Do You Have A Wound That Won't Heal?

The number was (614)281-8211. You could call it and get the time and the temperature. As the years went by and I aged out of cheerful childhood into awkward adolescence, the anonymous agency that ran the number began to insert advertising ahead of the time and temperature. The ads were always read by the same man. I imagined him to be old but not old. His voice was fundamentally baritone but it had a treble crinkle to it, like Howard Stern's, the telltale that he had learned to speak that way. If you put a pistol in his face or called him to tell him that his child had died, you'd get his true voice. But still, he had a reserved dignity in his cadence, which never varied whether he was telling you about deals on new Toyotas or something exciting at the Shriner Center.
Then, some time around my fifteenth birthday, he started asking me a question every time I called him. It was twenty-seven years ago but I can close my eyes and hear his voice.
"Do you," he inquired, in that same steady cadence, that nearly emotionless drone, "have a wound that won't heal? Perhaps you've tried treating it yourself, but it hasn't gotten better." He would then direct you to our local hospital's Wound Care Center and provide the number. There would be a pause, and he would read the time and temperature. I had long since figured out that he had recorded all one thousand, four hundred and forty possible times. When it came to the temperatures, I wasn't as sure. I never called and found him unable to relate the temperature. Not when it dipped below zero, not when it climbed past a hundred.
The months dragged on, but the recording didn't change. "Do you have a wound that won't heal? Perhaps you've tried treating it yourself, but it hasn't gotten better." And because I am the person I am, I started to think that the message was targeted at a particular group. At a particular individual, even. That there was someone out there who had a wound and was refusing to do the correct thing. That the people who made the ad had someone in mind. But this was a ridiculous idea, and I discarded it.

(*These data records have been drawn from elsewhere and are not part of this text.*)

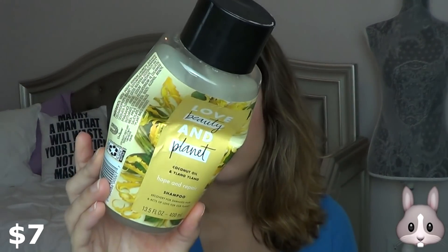Then I have a shampoo here. This is the Love Beauty and Planet Coconut Oil and Ylang Ylang Shampoo. I really like this stuff. You can get it at grocery stores and Target right now. It smells really good and I really like the feeling of this in my hair. I would definitely pick this up again.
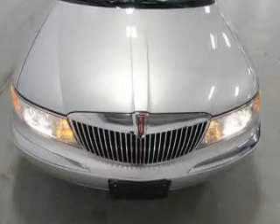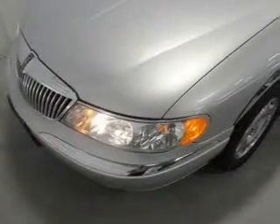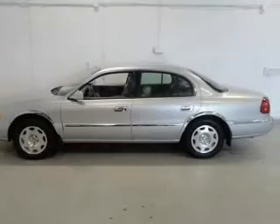The features include leather seats, memory seats, automatic climate control, an adjustable tilt steering wheel, an alarm system, power seats, cruise control, keyless entry, a trip computer, and privacy glass.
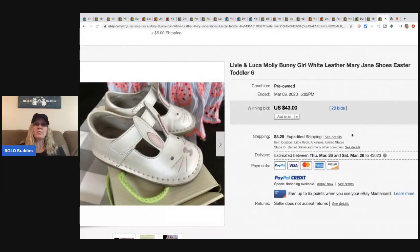The next item is these adorable little Livy and Luca Molly bunny girl white leather Mary Jane shoes in toddler size six. They sold for $43 with 20 bids, and the buyer paid shipping.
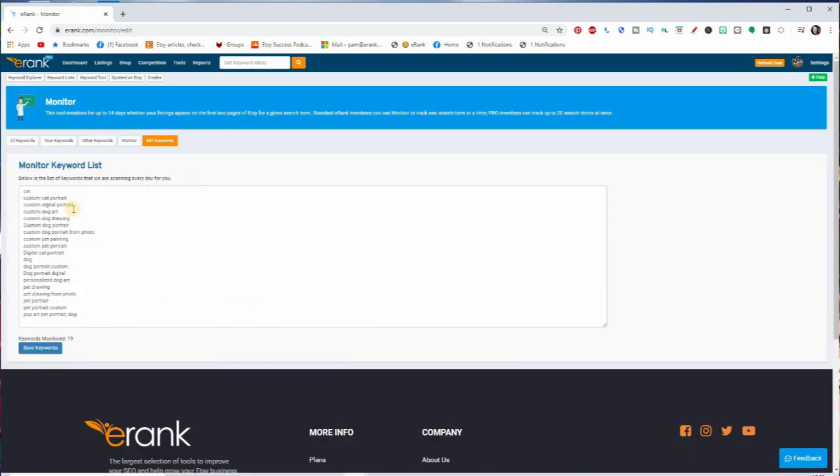Edit Keywords is where you can add or remove keywords you're monitoring. How many keywords you can have depends on your level of eRank subscription. To set up Spotted on Etsy, all you have to do is enter your first keyword — this tells eRank that you want to start. From that point, once a day eRank will do the search for you. The graphs only collect data from the point where you enter your first keyword, so initially the graphs will be sparse — if it's only been five days you'll only have five days of data, not all 14 yet.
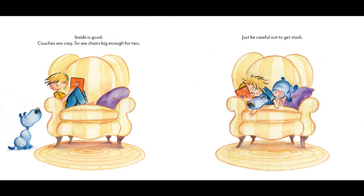Inside is good. Couches are cozy, so are chairs big enough for two. Just be careful not to get stuck.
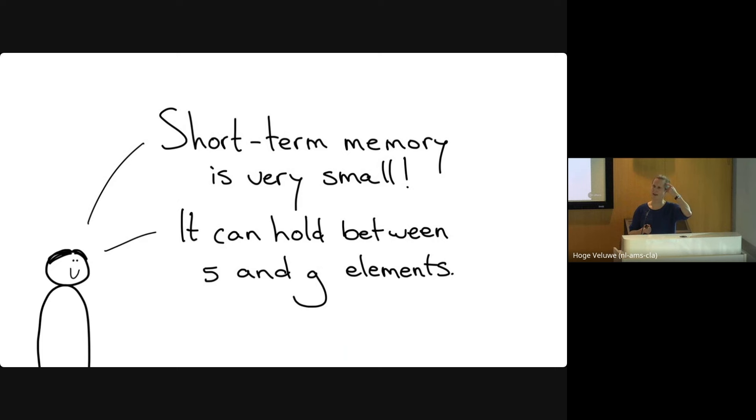You might wonder: if you can only remember five to nine things, how can we process large amounts of code? Let's do a little experiment. I'll show you a brief three-word sentence on the screen for just a moment — your goal is to remember it. Ready? [sentence shown] Any takers? Some of you saw 'symbols' — some information got through your senses into short-term memory, but you couldn't really process anything.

I called the number many days. For the temperature, not the time. It seemed important in my youth to be appropriately dressed for whatever lay ahead. Now I know that I don't really get cold unless the mercury dips well below freezing and I wear whatever comes to mind. A T-shirt in the winter, a baby alpaca sweater in the summer, it doesn't matter.
The recording didn't change. Every day, the man who made it reached out to people who had wounds that wouldn't heal. It seemed odd. I tried to imagine the person to whom it might apply. I started to hear emotions in the voice that almost certainly did not exist.
Do you have a wound that won't heal? Perhaps you've tried treating it yourself, but it hasn't gotten better.
I thought of someone like my grandmother, only completely alone, and perhaps desperately poor. I thought of her sitting in an upright chair, thick fabric with paisley or vine sewn patterns, like what I'd seen in the old peoples' homes when I volunteered there during school. In my mind she was sitting there, looking at her wound. It had been a while since she'd fallen and cut herself. She was still bleeding. Swollen and red around the cut that had widened to become an open mouth. Her clothes stained with the blood, every day. Nobody to help. And she was of my grandmother's generation, so she was self-sufficient. She didn't call (614)281-8211 to find out what time it was, because she had a clock. She had a thermometer, mounted to her window. But she didn't go out so it didn't matter. Not since the wound.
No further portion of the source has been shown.